**What the task asks:**
Would you please repeat exactly the entries below, starting at the line with "Happiness ✨🌿" and ending at the line with "Quem mais est&aacute;", and nothing outside that range? Leave out the pictures.

**Provided entries:**

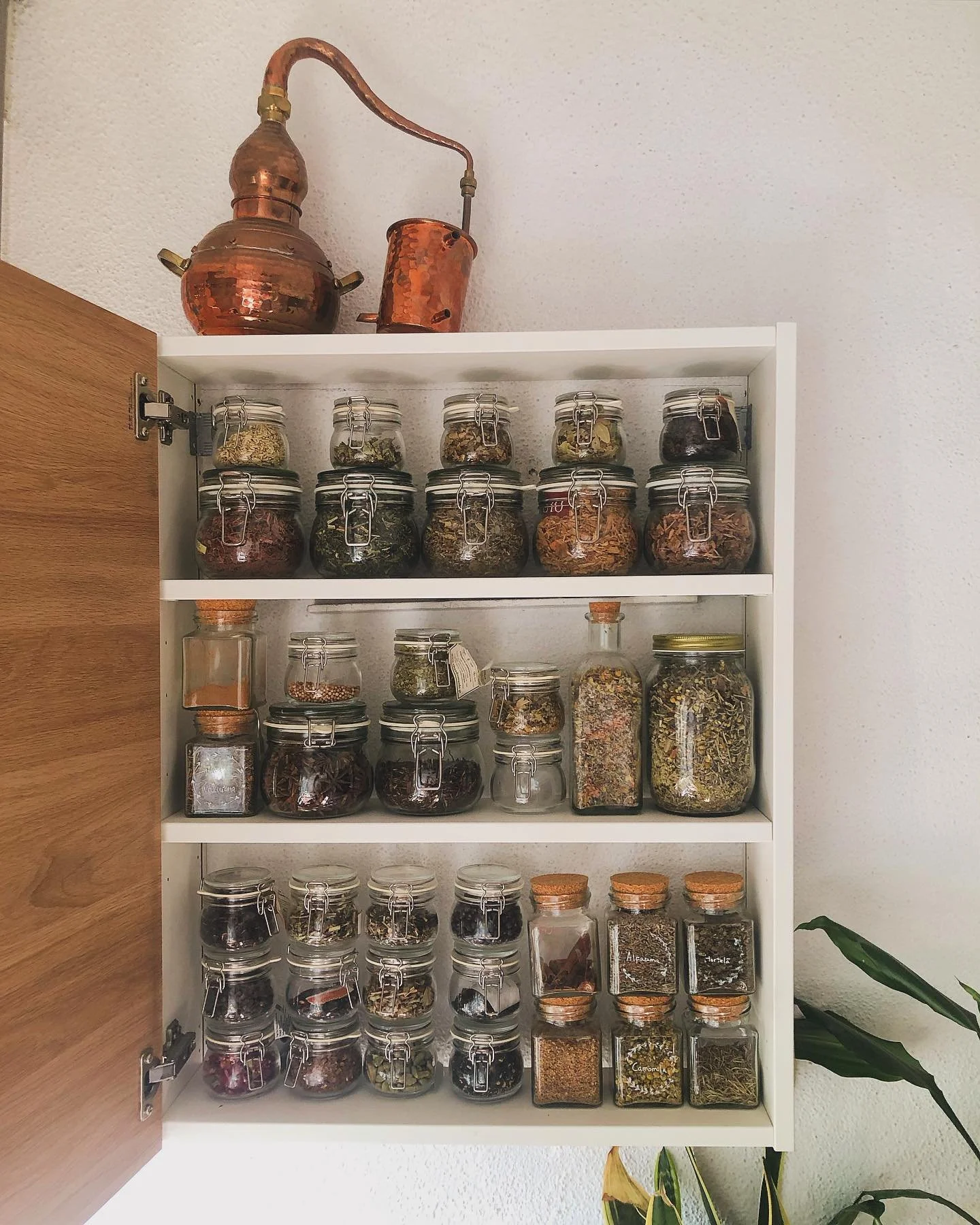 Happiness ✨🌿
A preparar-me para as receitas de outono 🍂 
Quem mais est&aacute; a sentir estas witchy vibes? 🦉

...

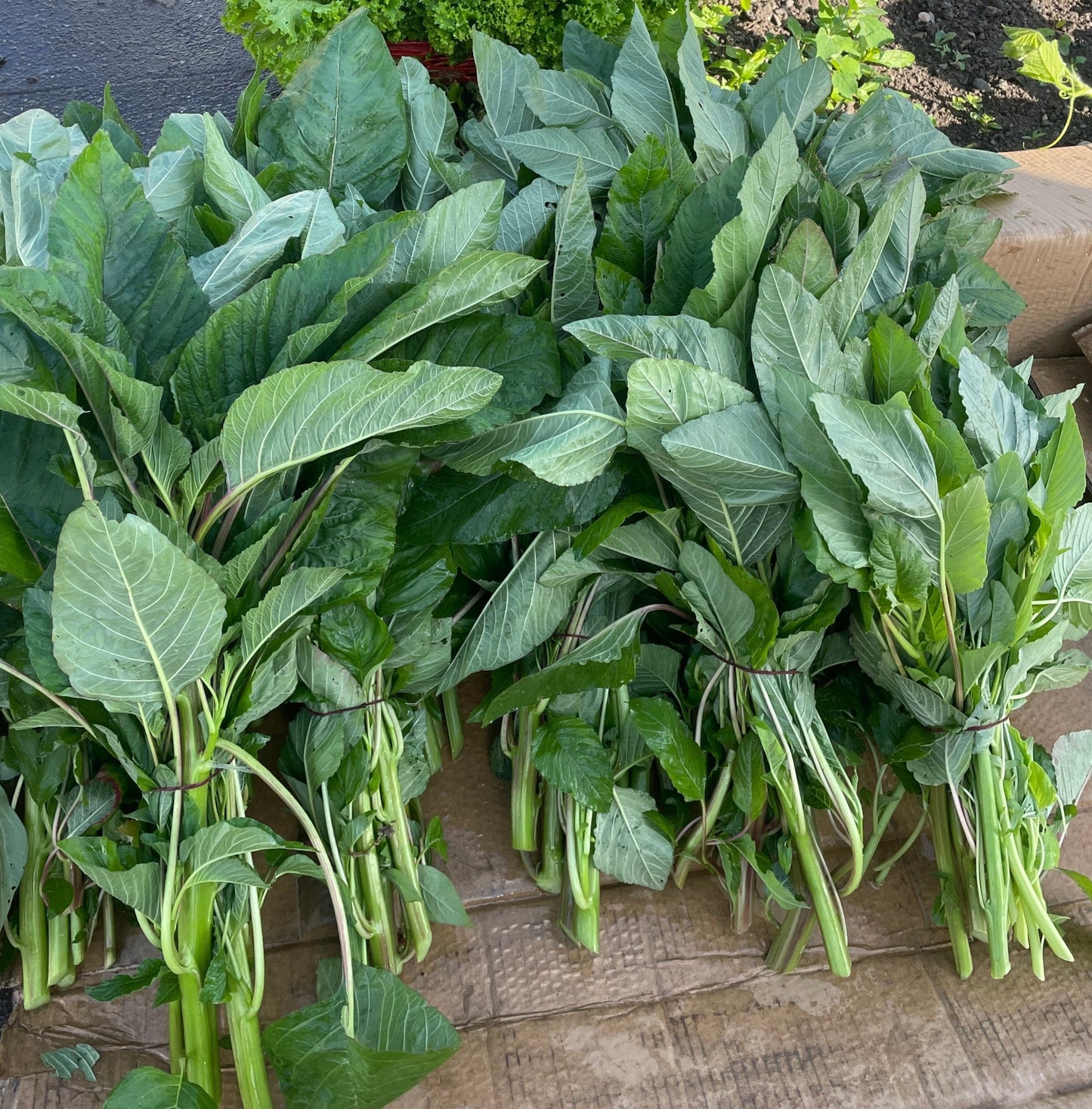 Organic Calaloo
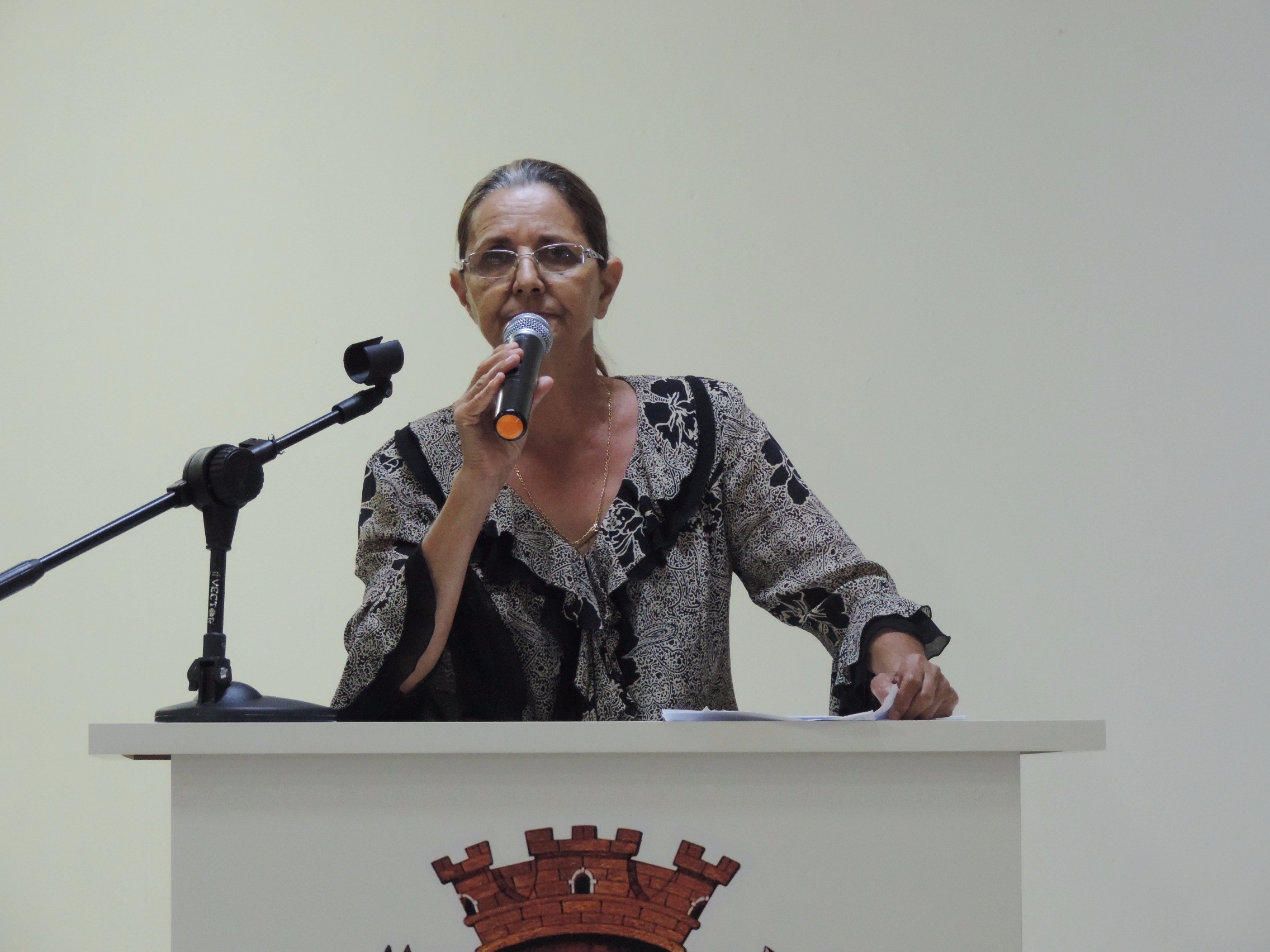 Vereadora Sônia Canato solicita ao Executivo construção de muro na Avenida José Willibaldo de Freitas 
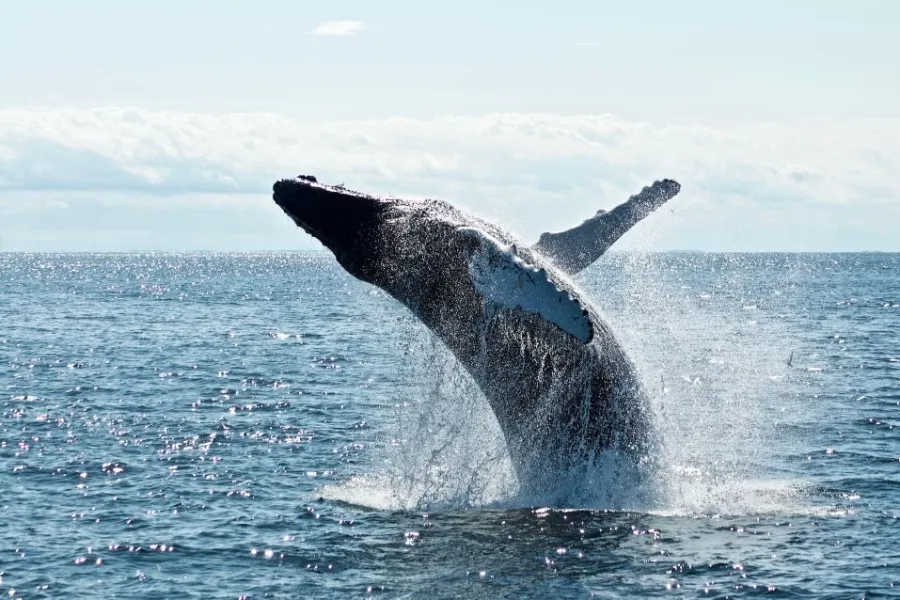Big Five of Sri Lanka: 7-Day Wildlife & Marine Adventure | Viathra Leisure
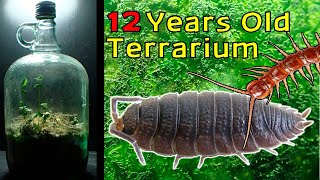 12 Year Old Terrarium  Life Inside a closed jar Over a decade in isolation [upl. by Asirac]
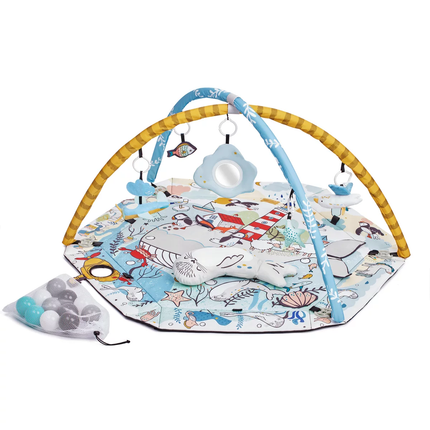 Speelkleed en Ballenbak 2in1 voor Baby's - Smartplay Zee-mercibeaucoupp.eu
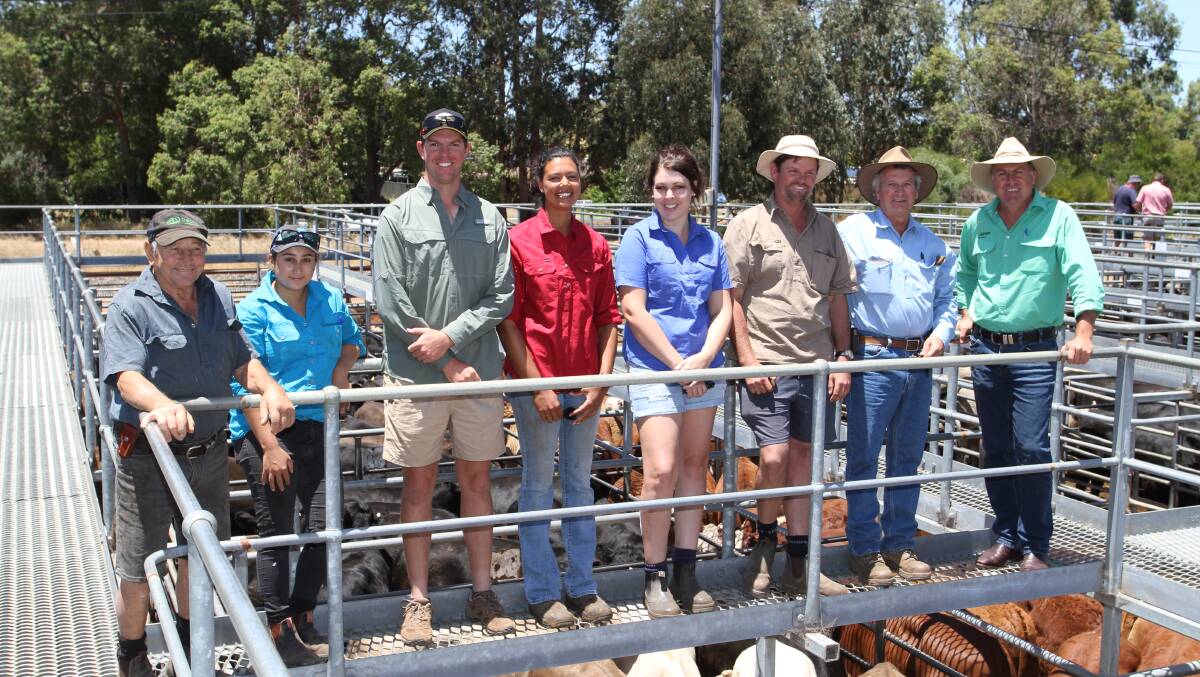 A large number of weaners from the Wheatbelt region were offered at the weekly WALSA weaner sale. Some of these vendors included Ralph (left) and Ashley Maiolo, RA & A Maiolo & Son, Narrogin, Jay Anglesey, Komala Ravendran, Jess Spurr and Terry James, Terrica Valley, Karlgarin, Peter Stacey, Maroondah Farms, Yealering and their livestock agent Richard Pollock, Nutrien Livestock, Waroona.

**Written answer:**
 Happiness ✨🌿
A preparar-me para as receitas de outono 🍂 
Quem mais est&aacute; a sentir estas witchy vibes? 🦉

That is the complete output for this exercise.